- Episode no.: Season 2 Episode 17
- Directed by: Larry Leichliter; Patrick McHale; Cole Sanchez; Nick Jennings;
- Written by: Jesse Moynihan; Cole Sanchez;
- Story by: Mark Banker; Kent Osborne; Pat McHale; Pendleton Ward;
- Production code: 1002-049
- Original air date: February 28, 2011
- Running time: 11 minutes

Guest appearance
- Miguel Ferrer as Death;

Episode chronology
| ← Previous "Guardians of Sunshine" | Next → "Susan Strong" |
- Adventure Time season 2

= Death in Bloom =

"Death in Bloom" is the seventeenth episode of the second season of the American animated television series Adventure Time. The episode was written and storyboarded by Jesse Moynihan and Cole Sanchez, from a story by Mark Banker, Kent Osborne, Patrick McHale, and series creator Pendleton Ward. It originally aired on Cartoon Network on February 28, 2011. The episode guest stars Miguel Ferrer as Death; Ferrer would later reprise his role in the fourth season episode "Sons of Mars".

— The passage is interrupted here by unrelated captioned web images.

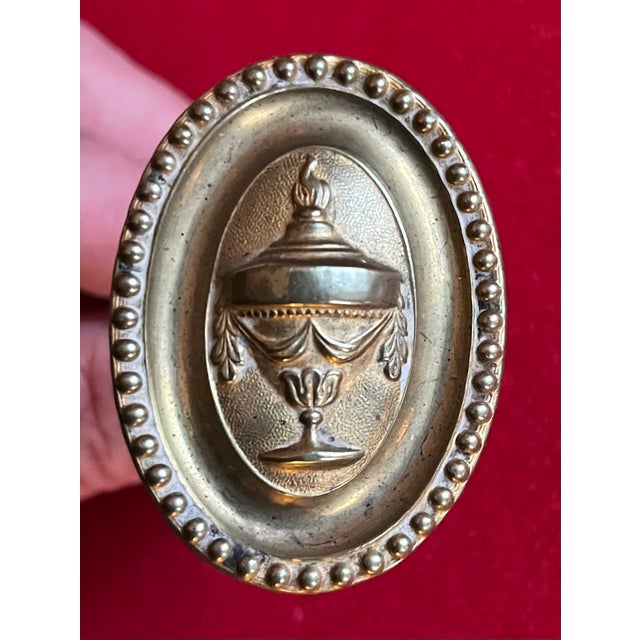 Antique Early 19th Century American Federal Neoclassical Brass Mirror Support or Picture Hook With Urn Decoration Circa 1810 - 1820 For Sale - Image 4 of 10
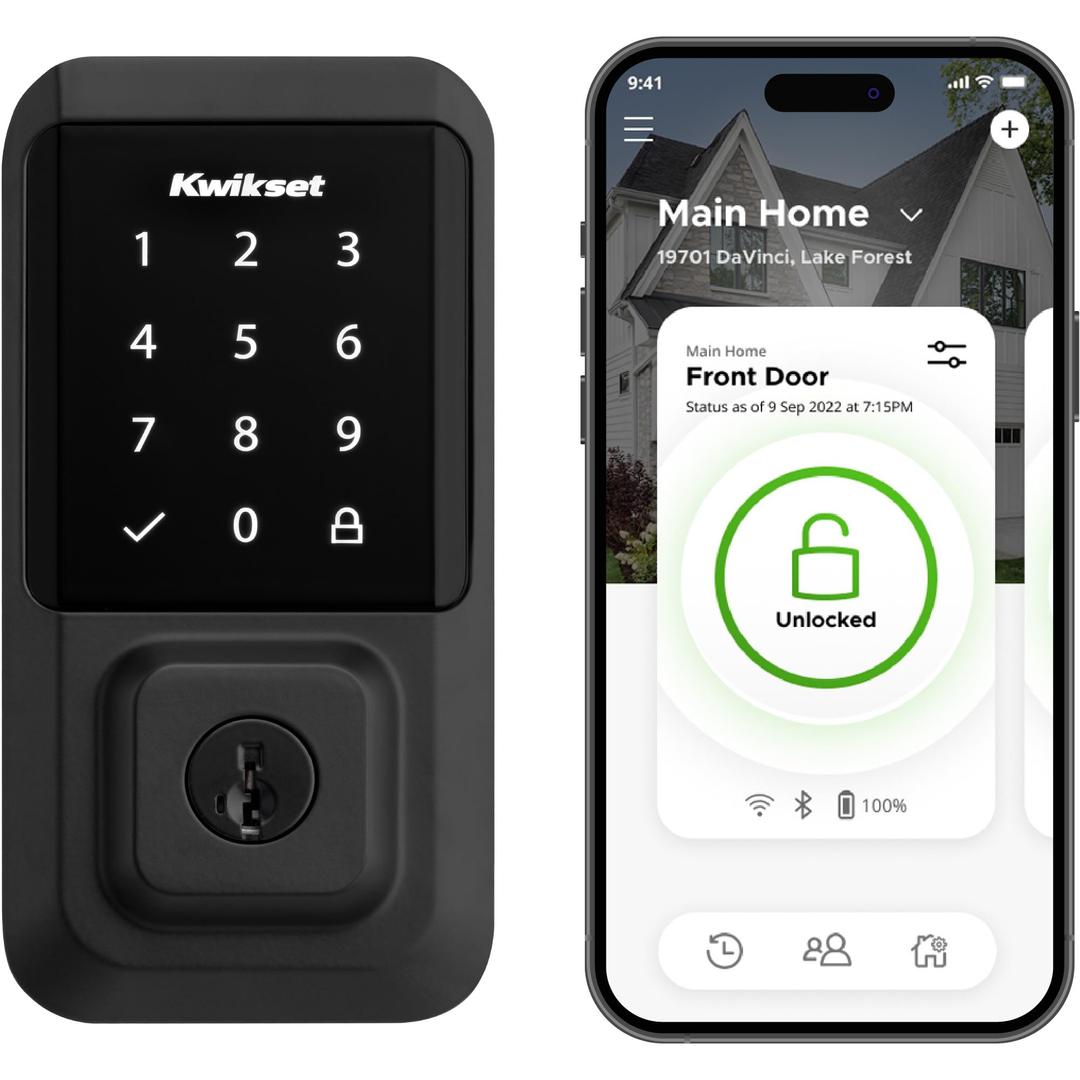 Kwikset Halo Wi-Fi Smart Lock, Keyless Entry Front Door Touchscreen Deadbolt, Matte Black Finish, Grade AAA Certified, UL Listed, Easy Install No Hub, App Control, Digital Remote Lock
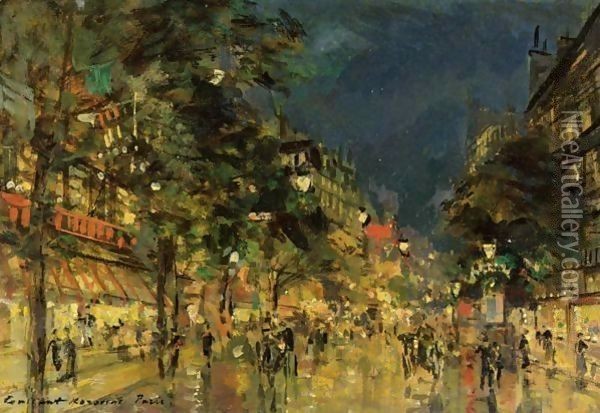 Paris At Night 3 Oil Painting - Konstantin Alexeievitch Korovin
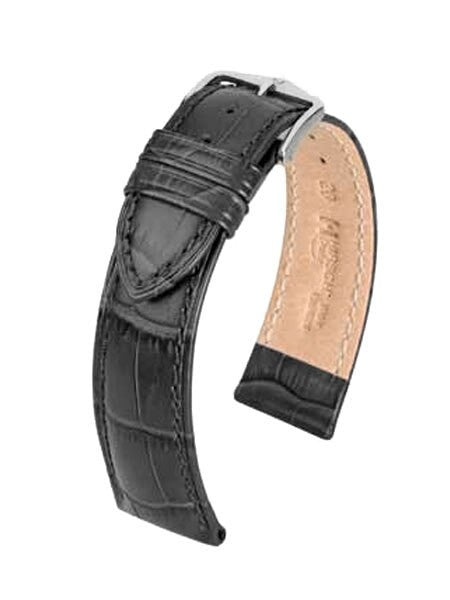 Hirsch Duke Black Alligator Embossed Natural Leather Watch Strap #010280-50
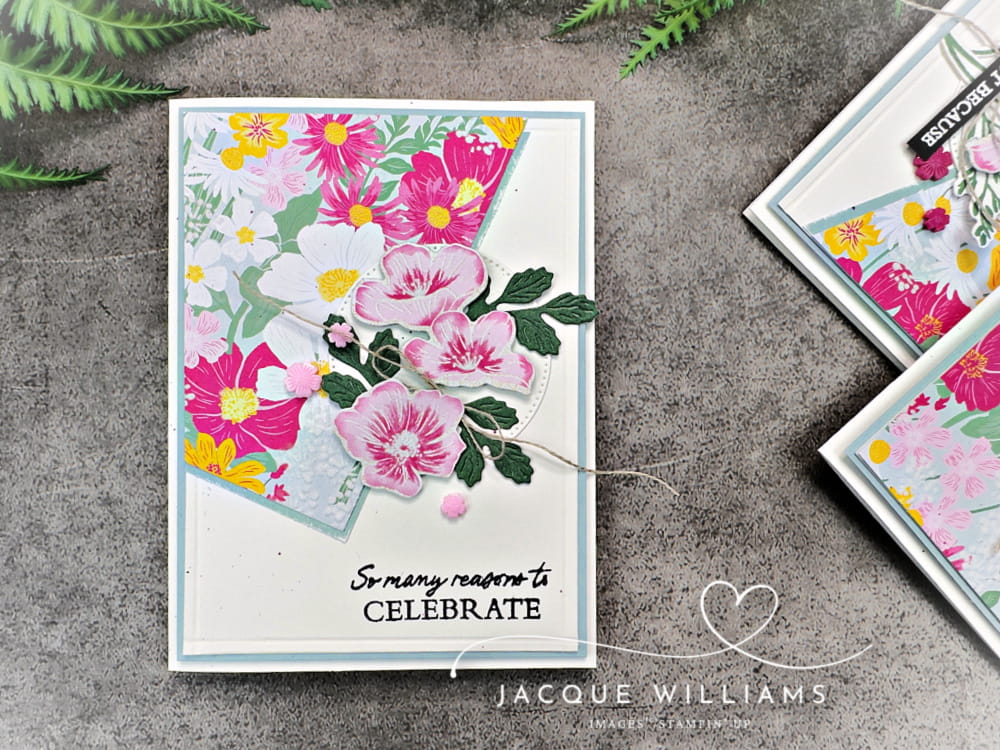 This easy 6x6 One Sheet Wonder card tutorial shows you how to use patterned paper with one measurement and two cuts for quick, beginner-friendly cardmaking.  Using Stampin' Up! Velvet Meadow with Jacque Williams - SU Demonstrator in New Zealand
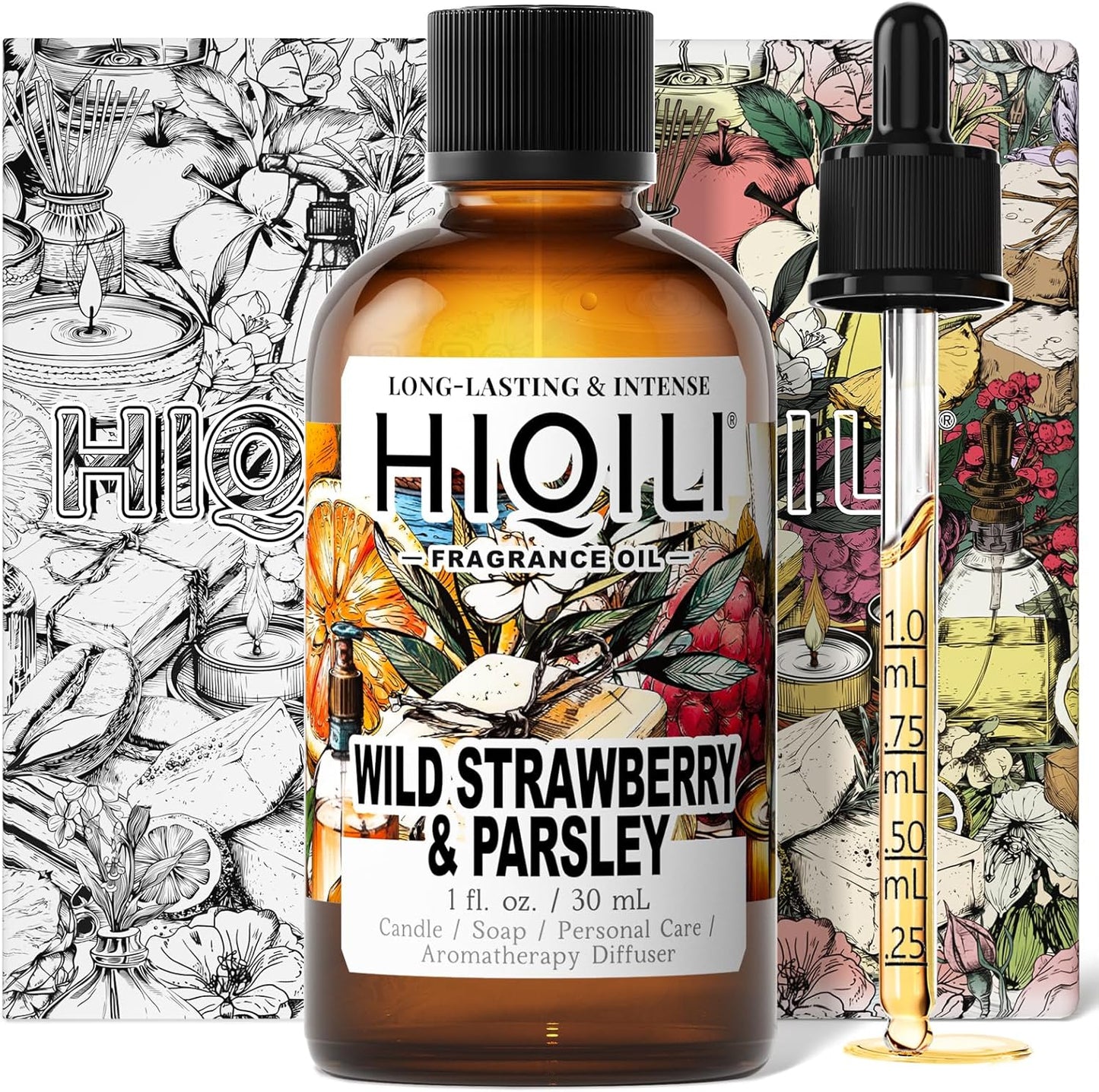 HIQILI Wild Strawberry & Parsley Fragrance Oil for Candle Making, Inspired by J-M.Lone Wild-Straw & Psley, Fresh Soap Scents, DIY Body Spray & Perfume for Women - 1 Fl Oz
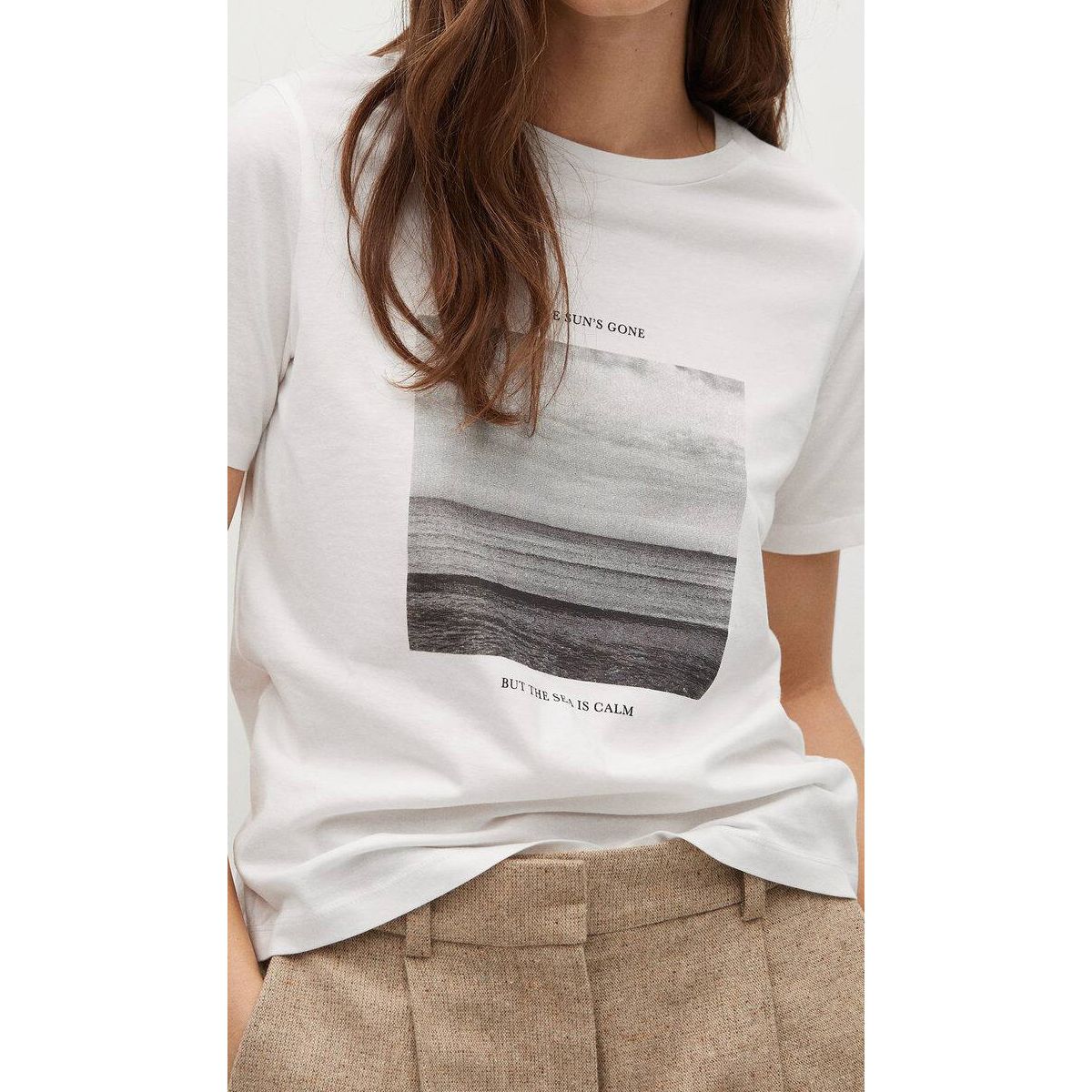 تی شرت آستین کوتاه زنانه مانگو مدل WT024PSG -  - 3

The series follows the adventures of Finn (voiced by Jeremy Shada), a human boy, and his best friend and adoptive brother Jake (voiced by John DiMaggio), a dog with magical powers to change shape and grow and shrink at will. In this episode, Finn and Jake make a trip to the Land of the Dead after killing Princess Bubblegum's (voiced by Hynden Walch) plant when they were instructed to take care of it. After Jake's memory is wiped and Finn loses a musical duel against Death (voiced by Ferrer), the two are nearly killed until a lucky coincidence causes Death to spare them.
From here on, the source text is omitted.